I have a mixture of AA and AAA batteries, some are Eneloops, some are Ni-MH and there might even still be some Ni-CADs in the house.

I have an Opus BT-C3100 but since my daughter tried to charge some odd vape battery, it's been a bit broken. It restarts at random and as it's old, the contacts are getting a bit poor now.

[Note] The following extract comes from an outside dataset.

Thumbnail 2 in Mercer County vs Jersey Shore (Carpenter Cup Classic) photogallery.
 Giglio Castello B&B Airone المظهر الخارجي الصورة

I don't need anything fancy.

Suggestions?


----------



## gunrunnerjohn (Nov 10, 2010)

Rechargeable 9V batteries are dirt common, they've been around forever! Indeed, they come in multiple types. NiCad are pretty rare nowadays, the presence of Cadmium in the battery poses disposal risks. NiMh is the most prevalent type, but there are plenty of Lithium rechargeables around as well.


----------



## rrman987 (Aug 29, 2021)

My 2 cents
I use Lithium penlites for my outdoor weather station head and a 9V for outdoor garage door keypad, because of wide temperature range (-40F). They run slightly higher voltage typically 1.65 to 1.7V each. The only drawback I think, is that while they store alot of energy, they tend to have a sharper dropoff so your device may not be able to give an adequate low battery alert before dying.


----------



## gunrunnerjohn (Nov 10, 2010)

Another issue with Lithium batteries is the higher voltage. Some devices are "tuned" to work with Alkaline batteries that have a maximum of about 1.6V. When they are powered by batteries with a higher voltage, they draw more current. One specific example is the Verizon FIOS remote, I tried using Lithium batteries in that and they had a much shorter life than the Alkalines I was using before.


----------



## Lemonhawk (Sep 24, 2013)

This is an old thread (2016). The key to finding 9v rechargeables is finding ones that are actually 9 volts or slightly higher and not the typical 8.6 volt ones. I eventually found some that were 9+ volts that had a USB port on them to do the recharging. I now use Digitrax's DT 602d throttle that is designed for a rechargeable battery and I'm much happier!


----------